**Required work**. Find "Ciemnoszary pojemnik z" in the material below, then write out that line and every line after it exactly, ending with the last one; skip the pictures.

**Supplied material**.
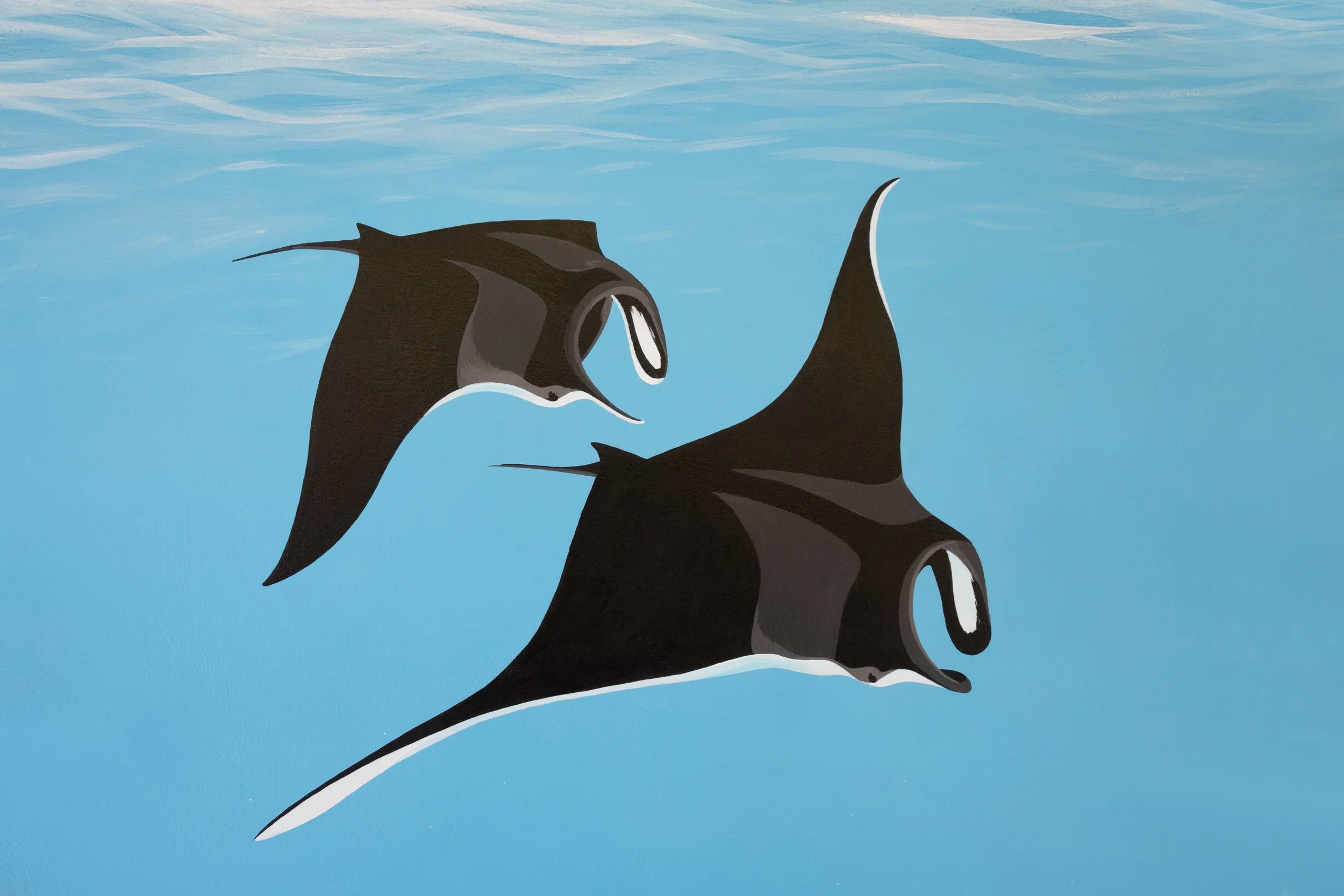 Puri Yalus Homestay - Spinner dolphins pass by the reef of a crystal clear bay. Painted on the reception wall in Crystal Bay area. 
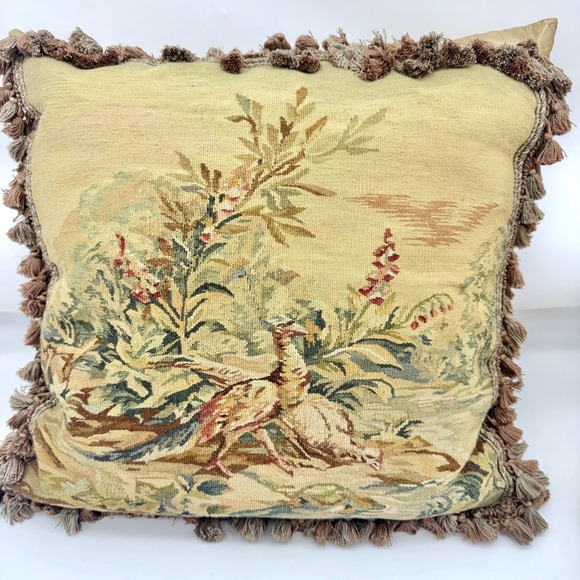 The Unbranded Brand Other - Vintage Handwoven Aubusson Pillow Cover 24x24 Wool Pheasant Floral Gold Fringe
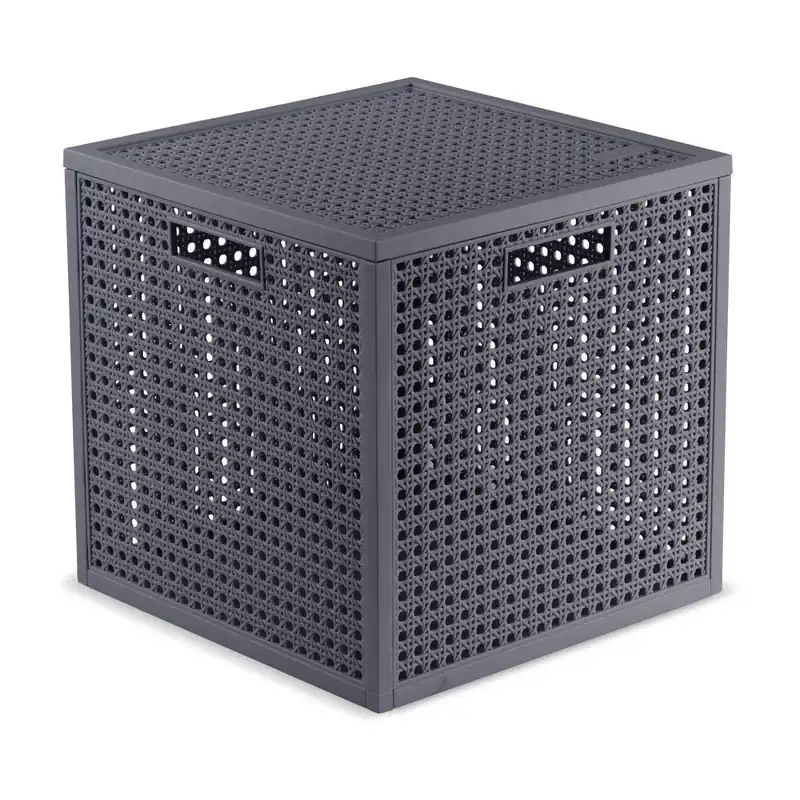 Ciemnoszary pojemnik z pokrywką z plastiku z recyklingu 28x28x28 cm Kaya Cube – Curver Bonami Nie przegap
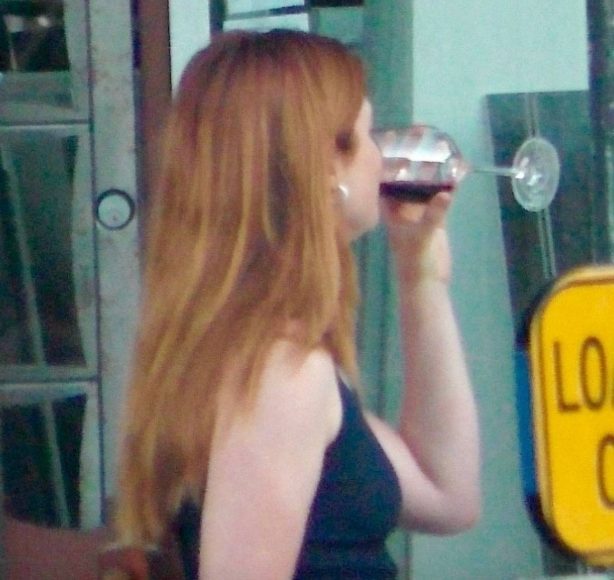 Bonnie Wright drinking wine with Rhys Wakefield in Hollywood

**Output for this task**.
 Ciemnoszary pojemnik z pokrywką z plastiku z recyklingu 28x28x28 cm Kaya Cube – Curver Bonami Nie przegap
 Bonnie Wright drinking wine with Rhys Wakefield in Hollywood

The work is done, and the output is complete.